### Collected material

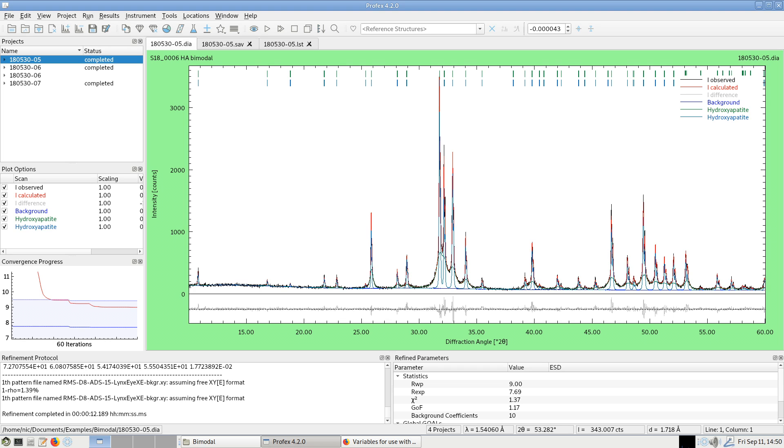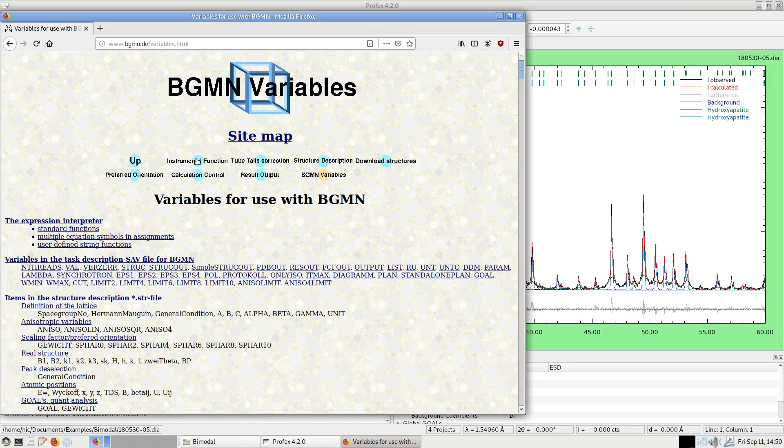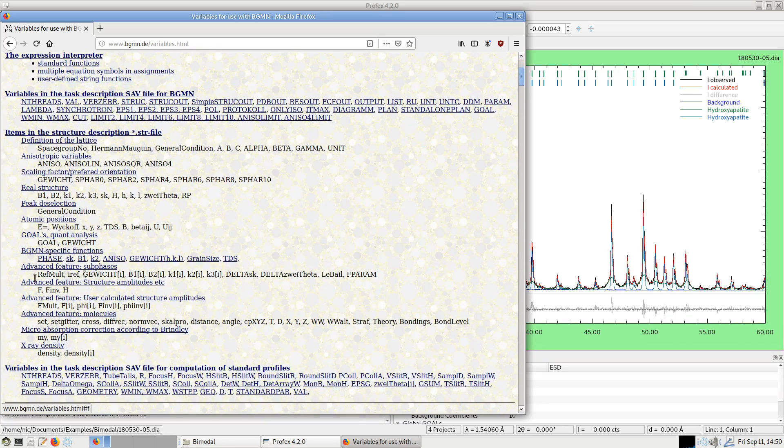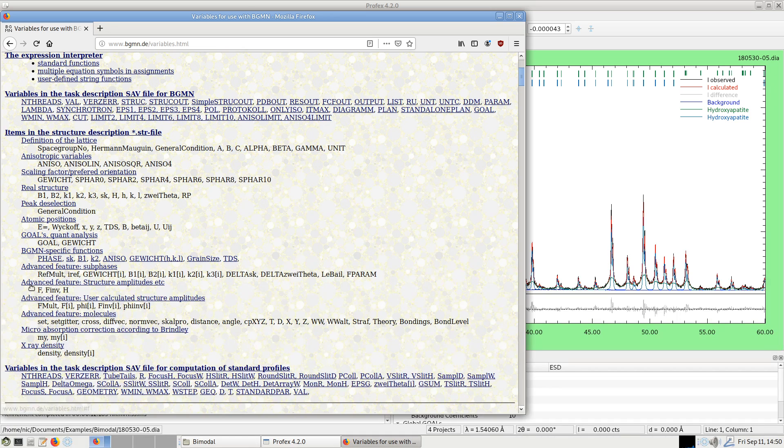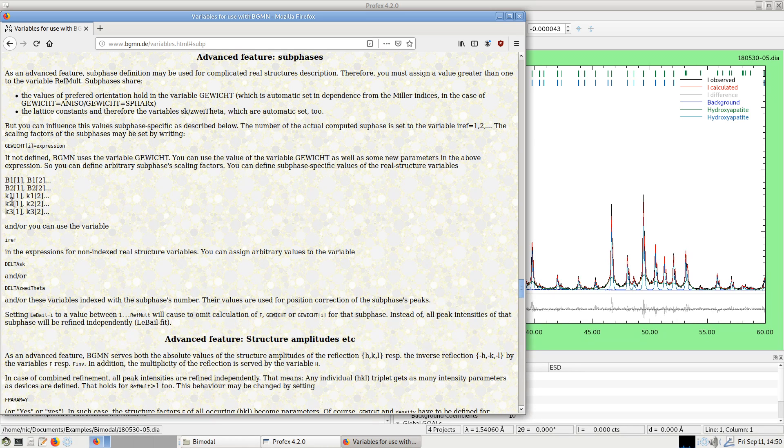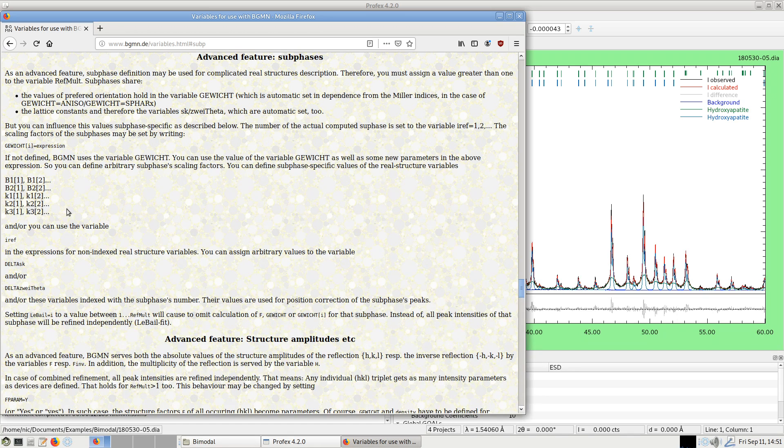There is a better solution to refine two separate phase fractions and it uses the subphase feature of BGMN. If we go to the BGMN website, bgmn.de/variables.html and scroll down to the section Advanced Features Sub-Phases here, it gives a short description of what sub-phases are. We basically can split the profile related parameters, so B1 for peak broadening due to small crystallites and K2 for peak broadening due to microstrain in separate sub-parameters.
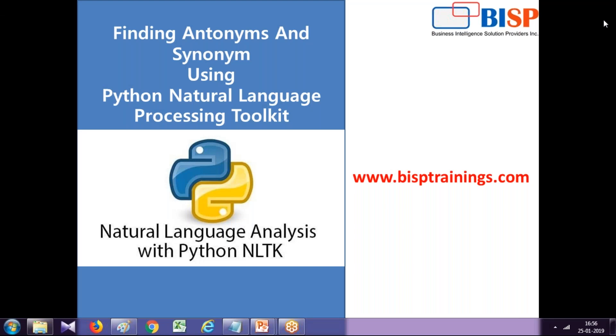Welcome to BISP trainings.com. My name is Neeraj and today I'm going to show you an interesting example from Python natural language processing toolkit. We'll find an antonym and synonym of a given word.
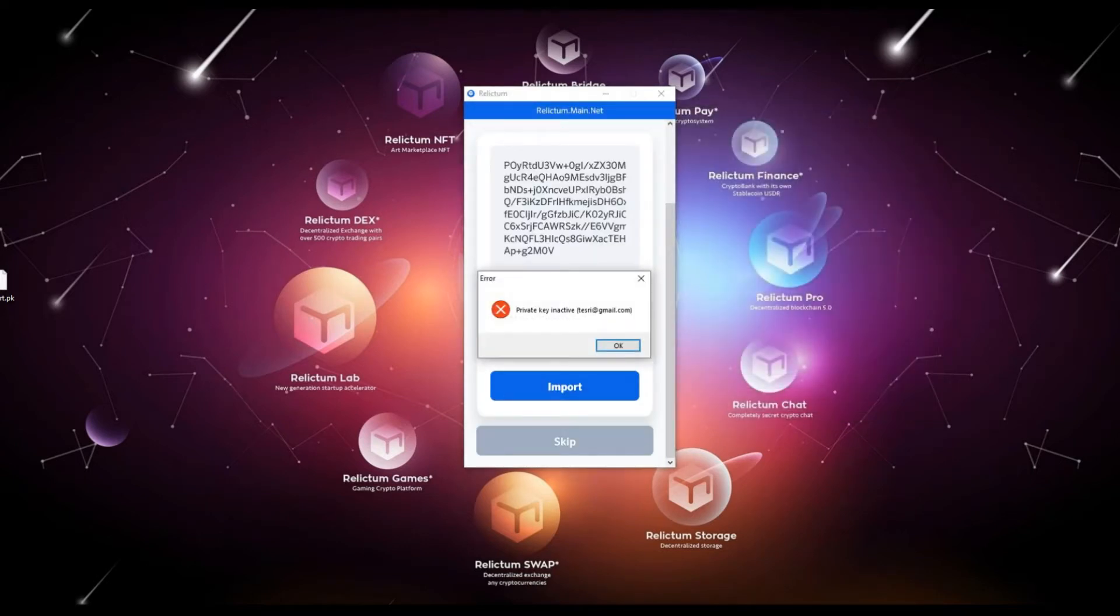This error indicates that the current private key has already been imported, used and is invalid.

### Task instructions
Find the line with "Welcome to BISP" in the listing above, then write it out along with every later line through the last one, exactly, omitting pictures.

### Final answer
Welcome to BISP trainings.com. My name is Neeraj and today I'm going to show you an interesting example from Python natural language processing toolkit. We'll find an antonym and synonym of a given word.
This error indicates that the current private key has already been imported, used and is invalid.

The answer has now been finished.